A patire dal 2020 sotto l’egida del Richard Mille Racing Team è sbarcata nel mondo delle ruote coperte, partecipando alla European Le Mans Series con un equipaggio interamente femminile e prendendo parte alla 24 Ore di Le Mans insieme a Tatiana Calderon e Beitske Visser. La vetrina della Sarthe ha dato ulteriore lustro alla sua carriera confermandola nel ruolo di faro mediatico del Team anche la stagione successiva con il passaggio al Fia Wec, sempre al volante dell’Oreca 07 Gibson Lmp2 nell’inconfondibile livrea rosso metallizzato. Il 2021 è stato un anno molto intenso: incassato il supporto della Schaeffler, Sophia è diventata il volto femminile del DTM con un impegno continuativo a bordo della AUDI R8 LMS GT3 del Team Abt Sportsline. Intuito l’enorme potenziale della partnership, l’azienda tedesca ha deciso di nominarla propria ambasciatrice affidandole anche l’onere e l’onore di guidare il prototipo elettrico da oltre 1200 CV sviluppato insieme all’ITR, promotore della serie.

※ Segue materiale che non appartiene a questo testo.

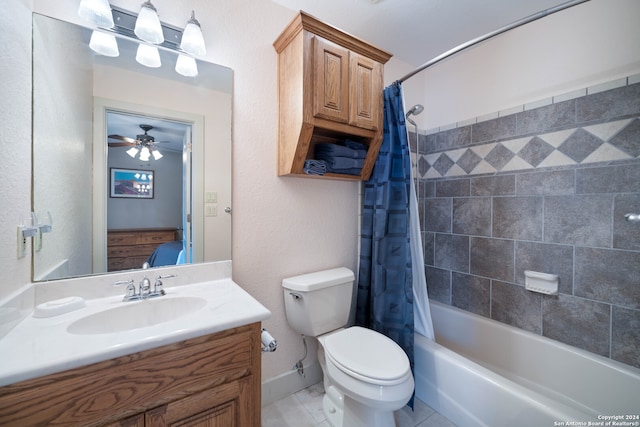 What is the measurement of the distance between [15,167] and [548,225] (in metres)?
2.59

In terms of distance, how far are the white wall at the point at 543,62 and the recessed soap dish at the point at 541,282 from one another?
44.1 inches

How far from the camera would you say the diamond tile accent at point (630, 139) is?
1.27 metres

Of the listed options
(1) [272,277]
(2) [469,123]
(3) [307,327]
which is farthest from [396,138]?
(3) [307,327]

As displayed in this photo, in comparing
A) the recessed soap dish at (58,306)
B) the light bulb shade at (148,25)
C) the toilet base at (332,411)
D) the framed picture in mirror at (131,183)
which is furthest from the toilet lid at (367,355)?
the light bulb shade at (148,25)

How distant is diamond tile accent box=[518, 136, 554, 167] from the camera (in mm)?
1565

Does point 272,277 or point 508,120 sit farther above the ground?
point 508,120

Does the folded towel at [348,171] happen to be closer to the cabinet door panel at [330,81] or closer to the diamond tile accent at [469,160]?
the cabinet door panel at [330,81]

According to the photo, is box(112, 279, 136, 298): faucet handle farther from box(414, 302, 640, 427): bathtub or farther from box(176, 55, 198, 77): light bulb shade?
box(414, 302, 640, 427): bathtub

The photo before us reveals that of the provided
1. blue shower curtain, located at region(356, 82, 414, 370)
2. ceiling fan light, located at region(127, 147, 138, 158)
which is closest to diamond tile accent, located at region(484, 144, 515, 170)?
blue shower curtain, located at region(356, 82, 414, 370)

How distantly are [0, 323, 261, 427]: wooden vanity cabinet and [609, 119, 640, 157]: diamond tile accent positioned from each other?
2023mm

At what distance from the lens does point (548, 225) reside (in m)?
1.55

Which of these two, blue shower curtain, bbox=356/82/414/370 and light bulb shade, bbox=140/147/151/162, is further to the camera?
blue shower curtain, bbox=356/82/414/370

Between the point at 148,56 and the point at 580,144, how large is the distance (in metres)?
2.36

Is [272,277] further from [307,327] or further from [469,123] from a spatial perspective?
[469,123] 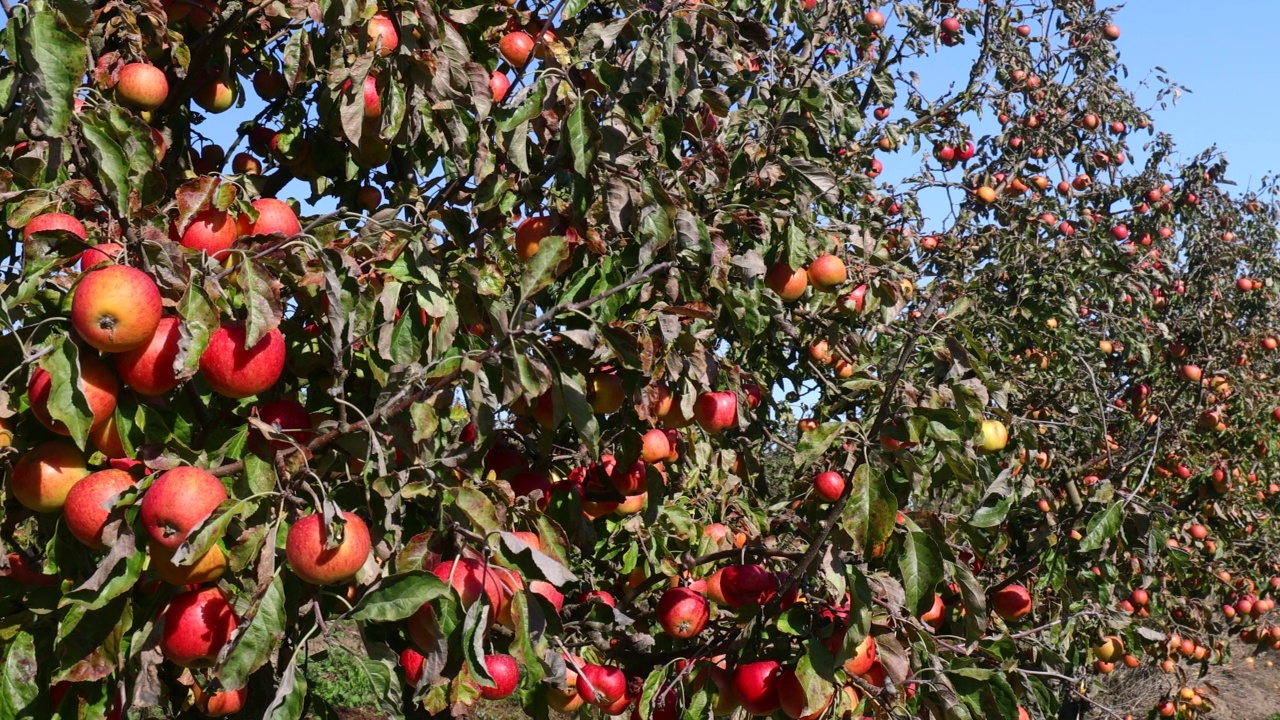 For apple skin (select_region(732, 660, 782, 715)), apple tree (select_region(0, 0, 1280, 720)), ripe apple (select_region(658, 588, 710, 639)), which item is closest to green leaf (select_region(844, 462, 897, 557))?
apple tree (select_region(0, 0, 1280, 720))

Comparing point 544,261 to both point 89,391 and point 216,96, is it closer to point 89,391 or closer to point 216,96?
point 89,391

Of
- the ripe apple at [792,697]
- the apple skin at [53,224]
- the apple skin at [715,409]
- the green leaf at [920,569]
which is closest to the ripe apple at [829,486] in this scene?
the apple skin at [715,409]

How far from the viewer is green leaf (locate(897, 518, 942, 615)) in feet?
6.30

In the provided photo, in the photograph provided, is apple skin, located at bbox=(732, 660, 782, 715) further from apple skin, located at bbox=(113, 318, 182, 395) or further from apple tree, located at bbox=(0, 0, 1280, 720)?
apple skin, located at bbox=(113, 318, 182, 395)

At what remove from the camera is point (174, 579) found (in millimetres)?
1657

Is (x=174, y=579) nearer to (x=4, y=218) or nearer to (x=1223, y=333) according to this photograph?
(x=4, y=218)

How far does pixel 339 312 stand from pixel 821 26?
126 inches

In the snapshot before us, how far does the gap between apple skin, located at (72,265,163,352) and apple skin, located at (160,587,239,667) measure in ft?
1.50

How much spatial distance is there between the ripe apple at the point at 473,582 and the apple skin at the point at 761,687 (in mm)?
742

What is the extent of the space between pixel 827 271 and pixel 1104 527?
102 cm

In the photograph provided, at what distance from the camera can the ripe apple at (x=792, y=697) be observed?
212 centimetres

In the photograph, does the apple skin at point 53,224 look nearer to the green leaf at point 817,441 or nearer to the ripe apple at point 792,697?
the green leaf at point 817,441

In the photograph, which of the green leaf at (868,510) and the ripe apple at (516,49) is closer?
the green leaf at (868,510)

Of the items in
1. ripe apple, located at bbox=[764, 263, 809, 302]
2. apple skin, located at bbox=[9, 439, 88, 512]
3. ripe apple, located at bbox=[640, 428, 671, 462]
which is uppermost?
ripe apple, located at bbox=[764, 263, 809, 302]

La stagione appena conclusa usa avrebbe dovuto rappresentare il salto definitivo nel mondo del professionismo grazie all’approdo in seno al colosso russo G-Drive Racing a fianco di Roman Rusinov per un impegno nella European Le Mans Series con il supporto tecnico dell’Algarve Pro Racing, team con il quale, a fine 2021, aveva colto un prestigioso podio nella 4 Ore di Portimao, nell’unico appuntamento disputato. Le note vicende del conflitto russo-ucraino con la messa al bando di esponenti russi dalle federazioni internazionali hanno finito per ridimensionare le aspettative costringendola a ripiegare su un programma con il team portoghese, con al quale ha conquistato, comunque, un altro podio al Paul Ricard e perdendone un altro ad Imola a causa di una foratura nello stint finale.

Oggi Sophia è senza ombra di dubbio uno dei volti più seguiti del panorama motoristico internazionale, una ragazza che è stata in grado di capitalizzare al meglio l’esposizione mediatica derivata dal clamore dell’incidente di 4 anni fa, creando, intorno al suo nome e in un brevissimo lasso di tempo, un prodotto che non c’era, arrivando a ricoprire il ruolo di quella che potrebbe essere definita una racing influencer: youtube, tiktok, facebook o instagram la descrivono come una protagonista in costante ascesa, forte di un atteggiamento deciso ed una maturità che va ben oltre i 22 anni descritti dalla carta d’identità. E’ una personalità libera e lontana dalla demagogia sportiva, per nulla intimorita dalla necessità di manifestare pareri talvolta impopolari, come quando ha criticato apertamente l’atteggiamento opportunistico della Fia in relazione al sostegno della Donna nel Motorsport, entrando in polemica anche con la Ferrari, in modo tutto sommato condivisibile, in merito alle scelte della Driver Academy. Nel corso degli ultimi 2 anni avuto la capacità di giocare con la sua immagine, candidandosi a diventare una delle più forti esponenti del gentil sesso del motorsport, non disdegnando di mostrare il proprio lato femminile, ma senza scadere mai nella banalità o dovendo ricorrere a quella vena maliziosa che tanto contrasta con le lotte di genere. Basta frequentare il paddock nei weekend di gara che la vedono protagonista per rendersi conto di quanto sia dirompente la sua popolarità: che si tratti di un appuntamento del DTM o della 24 Ore di Le Mans, il suo sorriso è uno dei più ricercati dai promoter e dagli appassionati che le riconoscono il fascino e la semplicità di chi ha saputo crescere senza montarsi la testa. In un ambiente prettamente maschile è riuscita nell’impresa di crearsi un autorevole spazio da pilota, donna, veicolando un messaggio molto più potente e trasversale di qualsiasi campagna di sensibilizzazione studiata a tavolino.